A Note to the Reader:
This section requires some basic familiarity with Calculus; the reader will be expected to know what it means to take the derivative of a function, and to have some familiarity with Liebnitz notation for representing derivatives.
Automatic Differentiation
(Full disclosure: I created MyGrad, which we will be discussing here. Like PLYMI, MyGrad is a completely free and open-source educational resource.)
This section is not about the essentials of NumPy, rather it is about a 3rd party library, MyGrad, that adds a new capability to NumPy. It adds automatic differentiation: the ability to algorithmically evaluate derivatives of functions.
Automatic differentiation (a.k.a autodiff) is an important technology for scientific computing and machine learning, it enables us to measure rates of change (or “cause and effect”) through our code via the derivatives of the mathematical functions that our code computes. Autodiff is proving to be so crucial to advancements in STEM-computing that it ought to be introduced to audiences early in their numerical computing journeys. This is the motivation for including this section in PLYMI’s NumPy module.
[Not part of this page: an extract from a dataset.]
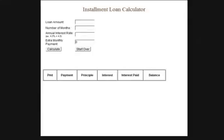In this video series we're going to build a loan calculator using some JavaScript. I have a finished product right here - I just want to go over it, and if you like what you see then finish watching the videos so you can make your own, otherwise you can move on and try to find another one online.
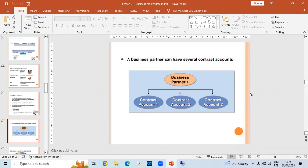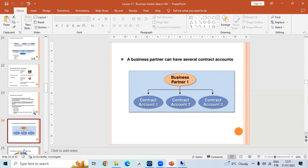A single business partner may have multiple contract accounts — it's a one-to-many relationship. If you create a single business partner, you can create one, two, three, or n number of contract accounts below it. Different utilities or services may have different dunning processes or controlling data, so those controlling details are defined under each contract account.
An automatic differentiation library provides its users with a suite of mathematical functions and tools that are specially designed: any mathematical computation that you perform with this library can be used to also compute the derivatives of that result. To help paint a picture of this, consider the following psuedocode where we use an autodiff library to compute \(f(x) = \sqrt{x}\) evaluated at \(x=1\), as well as the derivative \(\mathrm{d}f/\mathrm{d}x = 1/(2\sqrt{x})\), also evaluated at \(x=1\).
# pseudocode illustrating autodiff in action
>>> from autodiff_libray import sqrt, derivative
>>> x = 1.0
>>> f = sqrt(x)
>>> df_dx = derivative(f, x)
>>> f, df_dx
(1.0, 0.5)
See that we did not need to know or derive the fact that \(\mathrm{d}f/\mathrm{d}x = 1/(2\sqrt{x})\) – the autodiff library does this for us! This is what sets autodiff_libray.sqrt
apart from math.sqrt
from Python’s standard library.
Presently, some of the most popular Python-centric autodiff libraries include PyTorch, TensorFlow, and JAX. Among these “industrial-grade” autodiff libraries, JAX strives provide the most NumPy-like experience. MyGrad takes this one step further, and provides true drop-in automatic differentiation to NumPy.
Introduction to MyGrad
Install MyGrad into your Python environment. Open your terminal, activate your desired Python environment, and run the following command.
pip install mygrad
Let’s jump right in with a simple example of using MyGrad to evaluate the derivative of a function at a specific point. We’ll take our function to be \(f(x)=x^2\), and compute its instantaneous slope at \(x=5\), i.e. \(\frac{\mathrm{d}f}{\mathrm{d}x}\big|_{x=5}\). The derivative of this function is \(\frac{\mathrm{d}f}{\mathrm{d}x}=2x\), thus \(\frac{\mathrm{d}f}{\mathrm{d}x}\big|_{x=5} = 10\). Let’s reproduce this result via auto-differentiation using MyGrad.
We begin by creating a mygrad.Tensor
. This is MyGrad’s analog to numpy’s ndarray. MyGrad’s tensor behaves just like NumPy’s array in just about every way that you can think of, e.g. it supports multi-dimensional indexing, reshaping, and vectorized operations with broadcasting semantics, but it is also capable of facilitating automatic
differentiation. This tensor will store the point(s) at which we wish to evaluate our function and its derivative.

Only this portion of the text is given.